When iterating, we start with it pointing to the first element of our sequence. This means that we first use *it to get the current value, and only then use ++it to advance.

That’s why we had an issue in our above example - we read the 11th value, then tried to advance the iterator to an element that will never exist.

Additionally, we can’t skip the increment. If we do, a subsequent read from the iterator will repeat the current value.

Other Languages

The iterator design in C++ is significantly different from other languages. While C++ does read-then-increment, the common design in other languages is increment-then-read.

Python uses __next__() to get the next value of an iterator, raising StopIteration if none exist.

Java uses hasNext() to check if a value exists (and advance to it), then next() to get the value.

In both cases, there’s no reason to advance after we got the value we want. As a result - the issue won’t reproduce.

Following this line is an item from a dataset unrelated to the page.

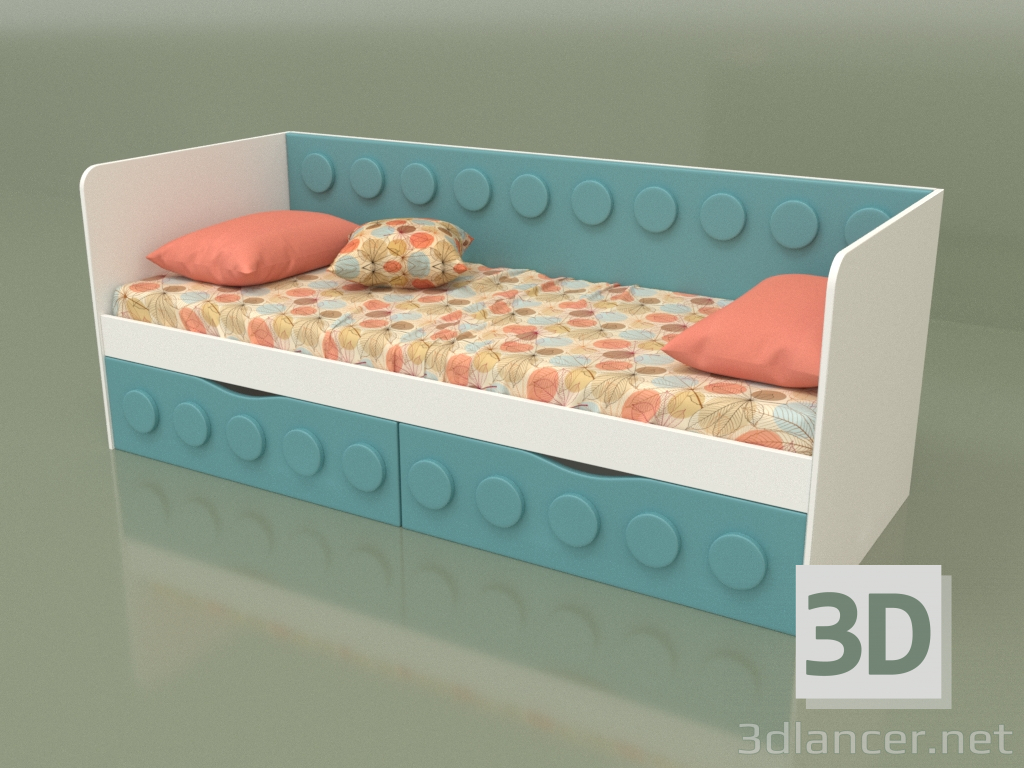 Modelo 3d Sofá-cama adolescente com 2 gavetas (Mussone) - preview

from itertools import islice, count
for i in islice(  # This is the equivalent of rv::take
                       lambda x: x < 11,

Further Thoughts

I don’t know the reason behind C++’s design. When looking at it, it feels like a derivative of the C-style loop,

for (int i = 0; i < 10; ++i) { ... }

Where the increment happens after each iteration. To me, this also seems consistent with the design of the range-based for loop in C++. And while it makes sense for iterating over pre-existing data, it feels a bit off to me when iterating calculated (or fetched) data. In those cases, Python and Java’s design feels more appropriate to me.

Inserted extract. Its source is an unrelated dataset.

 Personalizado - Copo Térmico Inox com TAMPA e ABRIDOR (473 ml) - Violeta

Another thing that comes to mind is Arno Schödl’s talk Why Iterators Got It All Wrong from CppNorth 2022. It discusses the design of iterators and how they mix up pointing to elements (begin() points to the first element) and borders (end() point after the last element). It seems to me that if begin() were to point before the first element (and therefore need to be incremented before being dereferenced) the issue would be resolved. Then again, I’m probably missing something.
I recommend that you watch the talk and see what you think.

  1. Quite a mouthful, I know. And WG21 is the ISO C++ standard. You can see the agenda for said meeting here↩︎

  2. In theory. Eventually the number will overflow. ↩︎

  3. Again, in theory. ↩︎

  4. We need more, but we’ll ignore them for simplicity. ↩︎